When John Stewardson and Walter Cope designed Blair Hall at Princeton in 1896, they little expected that it would become the springboard for a revolution in campus architecture throughout the U.S. The building, with its distinctive, Tudor-influenced arch, became the first example of Collegiate Gothic at a major university, and thereby influenced countless buildings at schools and colleges in virtually every region of the country.
A century later the university, still following the brilliant master plan it had commissioned from Ralph Adams Cram in 1907, hired Venturi & Rauch to design a building that would reorient the campus away from modernist buildings built since the 1960s, and toward a reunion with the kind of architecture favored by Cram, Cope, Stewardson, and many fine Collegiate Gothic architects who created most of the campus we see today. It is by many accounts the most beautiful college campus in the nation, and their vision has been its guiding light. As Catesby Leigh, class of ’79, noted in a May issue of Princeton Alumni Weekly (“Must the Minimum Be the Maxiumum?”), Gordon Wu Hall (1983) initiated a new era in campus architecture at Princeton and elsewhere that favored deferential insertions into traditional college quadrangles. Some universities benefitted from more attention to campus planning, and their enrollments increased.

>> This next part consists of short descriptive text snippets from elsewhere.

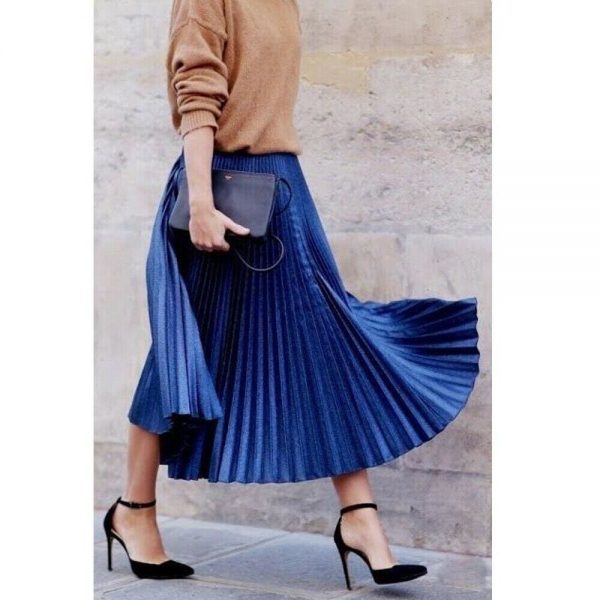 The Best Women Ladies Fashion High Waist Loose Maxi Skirt Pleated Retro Elastic Waist Long Skirt Casual Solid Bottoms Online - Takalr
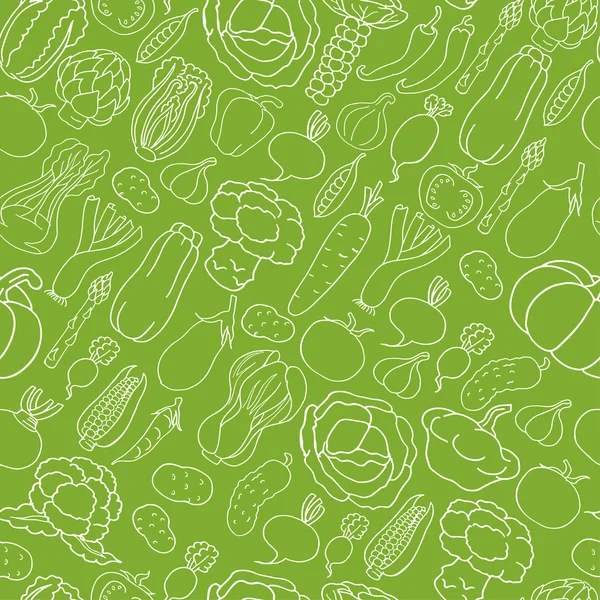 Seamless pattern with vegetables on green background — Stock Illustration Seamless pattern with vegetables on green background Stock Illustration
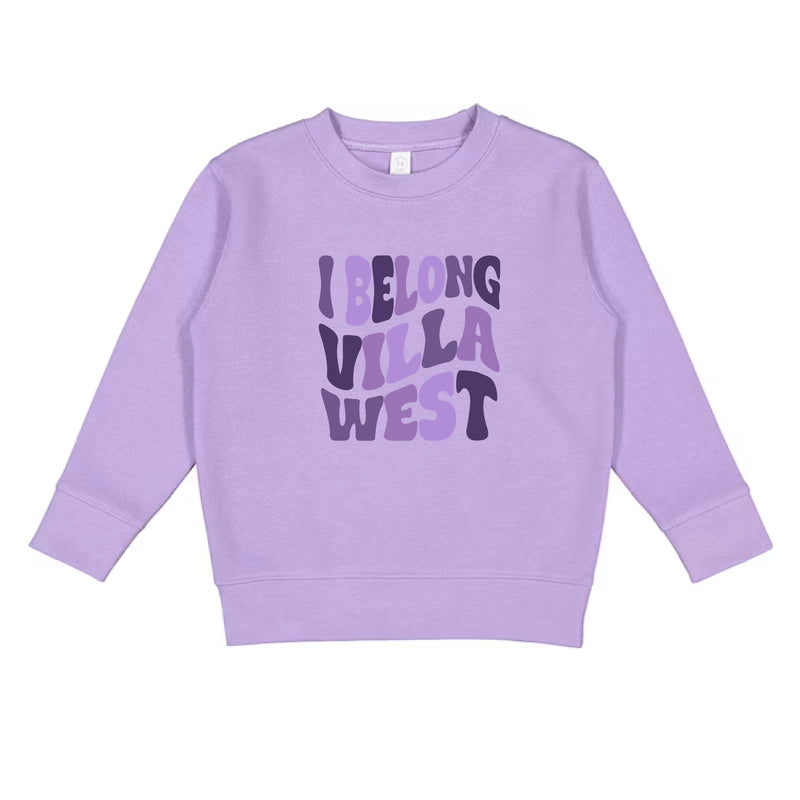 The I Belong Villa West | Lavender Toddler Crewneck Sweatshirt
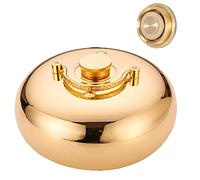 Grande bouillotte 3L/2L/1L en métal anti-fuite, classique en laiton avec housse (couleur : lisse, taille : XXL)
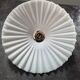 Old hanging lamp in white pleated/draped opaline Art Deco 1930 Ø 24.5 cm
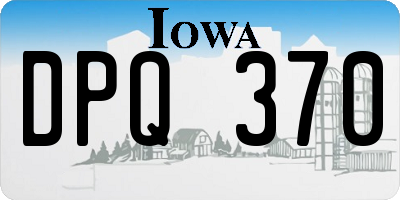 IA license plate DPQ370
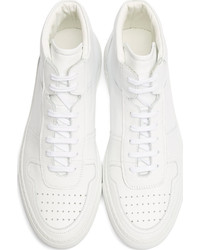 Мужские белые кожаные высокие кеды от Common Projects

Rice, the University of Virginia, and Notre Dame insisted that architects follow the campus vernacular and saw their rankings rise, along with student satisfaction surveys of their college experiences.
Leigh’s article had a measurable impact at Princeton, as alumni agreed with his call for more buildings in the dominant campus style. Across Elm Drive from Wu Hall, Dimitri Porphyrios created Whitman College, which opened in 2007 to great acclaim as the first Collegiate Gothic style dormitory in many decades. Building on that success, the university carefully erected new buildings at Butler College to continue the low-scale and verdant courtyards of Cram-era buildings, with their magnificent Beatrix Jones Farrand landscapes. Significantly, Venturi, Rauch & Scott Brown were responsible for more buildings at Princeton than at any other U.S. campus, a tribute to Venturi’s keen understanding of the architecture begun by his fellow Philadelphians Cope & Stewardson.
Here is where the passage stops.